I wanted to give an update on the outage that happened today, what we know, and what we’re planning to do next.

As a reminder, we have been working on replacing our load balancer system (see the context in this post for more details). We have had several issues over the past couple of weeks, but today’s outage was different than those issues, in that this wasn’t us trying to increase traffic to the new codepath. In fact, since last Friday we’ve actually been at 100% (see Fede’s post here).

What happened today? We are working on improving observability on the balancer service so that we can better support the system. Today, we were making what was seemingly an innocuous change that we ran through tests that we believed were sufficient for a safe deployment. However, we discovered the tests missed an edge case and this deployment ended up causing the full blown outage. We apologize for any inconvenience this may have caused.

What are we doing going forward? We are still doing a root cause analysis on what was broken in that change, but we’re pausing deployments to Balancer until we safely reproduce the issue in a lower environment, and solve the bug. While we tested the change, the testing failed to detect the problem, likely due to a difference between production and our test environment. Once we figure out why, we’ll update the testing procedure to fix the root issue.

What went well?
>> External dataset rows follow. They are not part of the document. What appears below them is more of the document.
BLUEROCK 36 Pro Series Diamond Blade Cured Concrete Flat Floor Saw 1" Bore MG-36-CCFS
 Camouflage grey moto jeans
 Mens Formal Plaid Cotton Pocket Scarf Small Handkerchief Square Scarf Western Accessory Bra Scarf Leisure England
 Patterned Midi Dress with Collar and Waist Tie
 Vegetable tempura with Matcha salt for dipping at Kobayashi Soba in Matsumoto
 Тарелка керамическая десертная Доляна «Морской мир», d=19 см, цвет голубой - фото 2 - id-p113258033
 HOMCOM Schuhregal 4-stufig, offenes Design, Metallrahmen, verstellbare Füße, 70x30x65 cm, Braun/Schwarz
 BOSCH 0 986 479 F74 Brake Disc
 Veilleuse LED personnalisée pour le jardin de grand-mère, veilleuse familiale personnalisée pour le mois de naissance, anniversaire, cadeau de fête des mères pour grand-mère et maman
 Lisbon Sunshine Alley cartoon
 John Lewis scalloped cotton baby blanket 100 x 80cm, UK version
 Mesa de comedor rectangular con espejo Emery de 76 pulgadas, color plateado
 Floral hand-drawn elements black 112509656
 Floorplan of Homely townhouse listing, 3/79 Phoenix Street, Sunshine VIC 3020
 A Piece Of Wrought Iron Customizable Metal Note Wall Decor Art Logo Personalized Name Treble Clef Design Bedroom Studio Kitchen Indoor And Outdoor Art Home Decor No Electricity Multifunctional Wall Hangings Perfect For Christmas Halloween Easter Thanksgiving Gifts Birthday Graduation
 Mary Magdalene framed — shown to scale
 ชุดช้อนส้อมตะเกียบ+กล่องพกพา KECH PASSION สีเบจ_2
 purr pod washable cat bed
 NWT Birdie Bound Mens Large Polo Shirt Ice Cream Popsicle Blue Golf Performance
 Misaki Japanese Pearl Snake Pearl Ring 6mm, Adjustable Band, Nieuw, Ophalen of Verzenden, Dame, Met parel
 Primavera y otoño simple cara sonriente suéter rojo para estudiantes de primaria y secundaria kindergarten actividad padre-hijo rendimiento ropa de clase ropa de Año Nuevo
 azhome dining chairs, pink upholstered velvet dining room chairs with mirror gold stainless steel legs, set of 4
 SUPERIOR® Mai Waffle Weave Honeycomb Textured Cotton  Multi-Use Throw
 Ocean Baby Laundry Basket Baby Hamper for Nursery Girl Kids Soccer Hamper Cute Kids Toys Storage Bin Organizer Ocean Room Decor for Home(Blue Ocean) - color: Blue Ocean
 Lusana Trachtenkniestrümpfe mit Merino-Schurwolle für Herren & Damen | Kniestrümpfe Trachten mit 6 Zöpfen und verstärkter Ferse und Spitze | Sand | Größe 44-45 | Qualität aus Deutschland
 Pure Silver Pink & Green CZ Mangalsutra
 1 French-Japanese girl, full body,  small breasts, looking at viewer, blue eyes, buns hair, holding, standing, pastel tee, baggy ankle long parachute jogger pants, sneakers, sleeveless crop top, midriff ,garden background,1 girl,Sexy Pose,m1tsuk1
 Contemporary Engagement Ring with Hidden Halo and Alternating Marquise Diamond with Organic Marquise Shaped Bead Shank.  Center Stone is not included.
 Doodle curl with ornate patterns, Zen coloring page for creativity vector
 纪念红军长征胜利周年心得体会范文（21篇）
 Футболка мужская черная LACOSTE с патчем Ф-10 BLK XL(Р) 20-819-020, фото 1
As per my previous post, we committed to doing the following:

  • Commitment: Improving our alerting systems so we detect degraded performance from our internal systems rather than our users, and can mitigate issues earlier

    • Today: We were alerted right away, 10+ engineers jumped on a call, and we reverted and updated as soon as possible (~16 minutes downtime).
  • Commitment: Communicating more proactively with users, including better management of status page updates

    • Today: We updated the status page right away, and were in communication with the forum.